TASK OBJECTIVE: Your task is to reproduce exactly the lines that run from the beginning of the data through the line where "99Déco – Crédence" appears.

....

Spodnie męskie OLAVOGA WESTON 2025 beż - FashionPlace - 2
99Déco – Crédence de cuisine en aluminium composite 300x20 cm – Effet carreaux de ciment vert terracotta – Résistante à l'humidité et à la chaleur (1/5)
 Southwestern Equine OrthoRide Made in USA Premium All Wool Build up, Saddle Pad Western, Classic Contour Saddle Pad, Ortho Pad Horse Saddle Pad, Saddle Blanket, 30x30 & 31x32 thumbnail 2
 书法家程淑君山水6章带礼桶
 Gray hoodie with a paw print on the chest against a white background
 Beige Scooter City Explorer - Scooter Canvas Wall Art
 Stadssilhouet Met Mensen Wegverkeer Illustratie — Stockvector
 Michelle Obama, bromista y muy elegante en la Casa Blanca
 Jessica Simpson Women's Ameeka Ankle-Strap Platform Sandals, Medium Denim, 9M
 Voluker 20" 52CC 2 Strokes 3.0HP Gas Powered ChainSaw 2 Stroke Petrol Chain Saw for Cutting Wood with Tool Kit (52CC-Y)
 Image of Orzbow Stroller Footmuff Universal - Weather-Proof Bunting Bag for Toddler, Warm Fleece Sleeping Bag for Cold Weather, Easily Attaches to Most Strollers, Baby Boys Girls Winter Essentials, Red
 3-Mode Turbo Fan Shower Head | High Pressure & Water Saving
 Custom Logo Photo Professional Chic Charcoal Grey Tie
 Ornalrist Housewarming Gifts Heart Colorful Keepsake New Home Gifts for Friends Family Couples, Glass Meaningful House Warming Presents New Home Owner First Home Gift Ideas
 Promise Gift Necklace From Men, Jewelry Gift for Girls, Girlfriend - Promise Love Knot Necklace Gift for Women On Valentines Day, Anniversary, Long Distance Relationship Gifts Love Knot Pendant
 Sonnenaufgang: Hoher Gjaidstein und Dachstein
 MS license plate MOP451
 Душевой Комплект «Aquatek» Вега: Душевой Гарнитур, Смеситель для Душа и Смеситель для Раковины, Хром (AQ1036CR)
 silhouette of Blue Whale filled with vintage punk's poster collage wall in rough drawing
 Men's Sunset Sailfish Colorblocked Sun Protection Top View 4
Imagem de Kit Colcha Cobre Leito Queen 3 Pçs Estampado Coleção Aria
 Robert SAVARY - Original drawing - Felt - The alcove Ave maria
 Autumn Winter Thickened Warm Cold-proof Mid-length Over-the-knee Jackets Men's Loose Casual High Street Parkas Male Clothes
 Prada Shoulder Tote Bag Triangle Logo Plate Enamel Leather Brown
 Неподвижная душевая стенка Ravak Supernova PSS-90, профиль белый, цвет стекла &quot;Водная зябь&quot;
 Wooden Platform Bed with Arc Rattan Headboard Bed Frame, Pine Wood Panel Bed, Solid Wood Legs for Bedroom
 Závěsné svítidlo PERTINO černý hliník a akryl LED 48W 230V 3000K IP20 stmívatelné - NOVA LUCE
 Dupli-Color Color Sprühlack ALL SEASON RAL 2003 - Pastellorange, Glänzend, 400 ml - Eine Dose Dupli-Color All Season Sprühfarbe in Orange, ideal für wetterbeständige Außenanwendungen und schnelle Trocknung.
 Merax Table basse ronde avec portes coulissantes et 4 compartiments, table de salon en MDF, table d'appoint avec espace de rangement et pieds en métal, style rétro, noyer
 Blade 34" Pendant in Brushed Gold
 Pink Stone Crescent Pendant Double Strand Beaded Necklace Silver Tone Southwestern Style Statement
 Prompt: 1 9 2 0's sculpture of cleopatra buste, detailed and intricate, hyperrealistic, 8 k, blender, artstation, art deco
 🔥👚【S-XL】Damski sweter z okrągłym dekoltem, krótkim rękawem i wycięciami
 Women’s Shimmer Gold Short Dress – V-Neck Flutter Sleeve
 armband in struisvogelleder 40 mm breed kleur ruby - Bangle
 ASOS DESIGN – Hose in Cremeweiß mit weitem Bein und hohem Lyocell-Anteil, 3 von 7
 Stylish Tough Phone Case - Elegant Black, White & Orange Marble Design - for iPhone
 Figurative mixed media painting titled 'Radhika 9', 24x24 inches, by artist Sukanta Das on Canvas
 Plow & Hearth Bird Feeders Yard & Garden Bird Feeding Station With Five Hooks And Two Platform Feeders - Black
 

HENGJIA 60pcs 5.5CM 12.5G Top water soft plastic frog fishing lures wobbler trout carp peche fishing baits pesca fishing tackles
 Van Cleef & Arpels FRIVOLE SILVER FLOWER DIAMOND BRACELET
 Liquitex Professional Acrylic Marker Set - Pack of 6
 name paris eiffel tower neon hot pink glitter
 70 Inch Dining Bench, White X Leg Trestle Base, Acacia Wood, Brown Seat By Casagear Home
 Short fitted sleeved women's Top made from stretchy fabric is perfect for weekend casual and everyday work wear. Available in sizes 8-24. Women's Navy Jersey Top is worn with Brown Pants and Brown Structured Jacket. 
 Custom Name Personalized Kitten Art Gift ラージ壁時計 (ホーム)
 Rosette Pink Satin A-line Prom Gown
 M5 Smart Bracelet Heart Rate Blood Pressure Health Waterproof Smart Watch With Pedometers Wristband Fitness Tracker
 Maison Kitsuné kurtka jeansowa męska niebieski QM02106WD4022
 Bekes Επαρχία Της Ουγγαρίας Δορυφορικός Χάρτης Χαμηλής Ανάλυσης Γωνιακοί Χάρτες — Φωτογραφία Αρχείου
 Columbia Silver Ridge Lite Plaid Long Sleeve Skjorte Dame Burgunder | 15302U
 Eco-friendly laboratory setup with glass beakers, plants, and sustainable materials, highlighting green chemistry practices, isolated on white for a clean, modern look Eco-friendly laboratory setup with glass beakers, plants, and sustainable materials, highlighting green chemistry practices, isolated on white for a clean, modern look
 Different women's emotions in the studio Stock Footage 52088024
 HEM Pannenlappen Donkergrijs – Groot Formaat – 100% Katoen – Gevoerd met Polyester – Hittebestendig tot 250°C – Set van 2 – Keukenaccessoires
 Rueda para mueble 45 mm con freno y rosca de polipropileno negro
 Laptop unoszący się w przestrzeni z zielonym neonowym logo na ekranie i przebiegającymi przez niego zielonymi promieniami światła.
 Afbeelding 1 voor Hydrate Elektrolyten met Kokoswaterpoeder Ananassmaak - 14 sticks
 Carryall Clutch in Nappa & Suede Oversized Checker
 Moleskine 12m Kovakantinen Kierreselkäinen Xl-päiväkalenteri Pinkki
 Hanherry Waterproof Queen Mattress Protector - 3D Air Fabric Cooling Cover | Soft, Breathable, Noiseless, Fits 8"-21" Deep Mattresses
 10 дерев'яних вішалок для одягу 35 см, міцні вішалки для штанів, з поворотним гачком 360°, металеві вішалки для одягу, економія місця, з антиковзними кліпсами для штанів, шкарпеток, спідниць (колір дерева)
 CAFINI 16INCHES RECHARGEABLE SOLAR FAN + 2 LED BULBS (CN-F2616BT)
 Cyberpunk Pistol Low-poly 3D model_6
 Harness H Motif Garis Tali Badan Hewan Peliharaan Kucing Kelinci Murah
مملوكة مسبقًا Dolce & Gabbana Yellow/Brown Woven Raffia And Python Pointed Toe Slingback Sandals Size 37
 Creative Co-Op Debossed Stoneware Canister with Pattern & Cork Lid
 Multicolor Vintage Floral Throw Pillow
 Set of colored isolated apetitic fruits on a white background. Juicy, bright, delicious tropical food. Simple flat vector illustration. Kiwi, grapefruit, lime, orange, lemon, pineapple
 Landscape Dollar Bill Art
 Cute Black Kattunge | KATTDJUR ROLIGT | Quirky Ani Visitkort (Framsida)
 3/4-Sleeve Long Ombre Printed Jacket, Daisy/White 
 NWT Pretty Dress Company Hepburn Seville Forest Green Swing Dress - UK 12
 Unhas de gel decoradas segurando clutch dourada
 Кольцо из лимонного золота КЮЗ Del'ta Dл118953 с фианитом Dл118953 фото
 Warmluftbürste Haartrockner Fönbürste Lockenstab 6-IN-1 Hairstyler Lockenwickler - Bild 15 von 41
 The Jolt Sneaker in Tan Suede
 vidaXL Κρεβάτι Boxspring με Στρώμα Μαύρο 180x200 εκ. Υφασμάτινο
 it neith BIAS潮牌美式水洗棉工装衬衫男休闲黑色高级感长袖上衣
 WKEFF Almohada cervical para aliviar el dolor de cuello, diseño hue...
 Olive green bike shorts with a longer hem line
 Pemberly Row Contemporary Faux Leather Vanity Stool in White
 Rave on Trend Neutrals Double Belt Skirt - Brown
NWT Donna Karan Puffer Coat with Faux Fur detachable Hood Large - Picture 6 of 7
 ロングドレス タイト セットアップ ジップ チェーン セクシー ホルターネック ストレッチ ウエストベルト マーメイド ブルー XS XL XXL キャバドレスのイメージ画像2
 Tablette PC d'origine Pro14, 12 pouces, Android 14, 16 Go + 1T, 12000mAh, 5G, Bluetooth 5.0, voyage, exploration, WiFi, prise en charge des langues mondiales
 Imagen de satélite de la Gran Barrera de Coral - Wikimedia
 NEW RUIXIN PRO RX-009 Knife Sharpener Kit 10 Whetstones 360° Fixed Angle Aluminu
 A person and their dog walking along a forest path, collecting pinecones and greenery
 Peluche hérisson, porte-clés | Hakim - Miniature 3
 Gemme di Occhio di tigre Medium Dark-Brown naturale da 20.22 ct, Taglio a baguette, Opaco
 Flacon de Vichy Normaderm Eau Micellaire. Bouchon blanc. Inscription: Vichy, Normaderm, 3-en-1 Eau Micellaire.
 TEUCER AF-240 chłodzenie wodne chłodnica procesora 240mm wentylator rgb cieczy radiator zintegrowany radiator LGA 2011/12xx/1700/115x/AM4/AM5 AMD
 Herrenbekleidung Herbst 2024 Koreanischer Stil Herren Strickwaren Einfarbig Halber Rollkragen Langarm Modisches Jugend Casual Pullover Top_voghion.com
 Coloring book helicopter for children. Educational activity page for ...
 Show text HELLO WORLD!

....

ANSWER AREA:
Spodnie męskie OLAVOGA WESTON 2025 beż - FashionPlace - 2
99Déco – Crédence de cuisine en aluminium composite 300x20 cm – Effet carreaux de ciment vert terracotta – Résistante à l'humidité et à la chaleur (1/5)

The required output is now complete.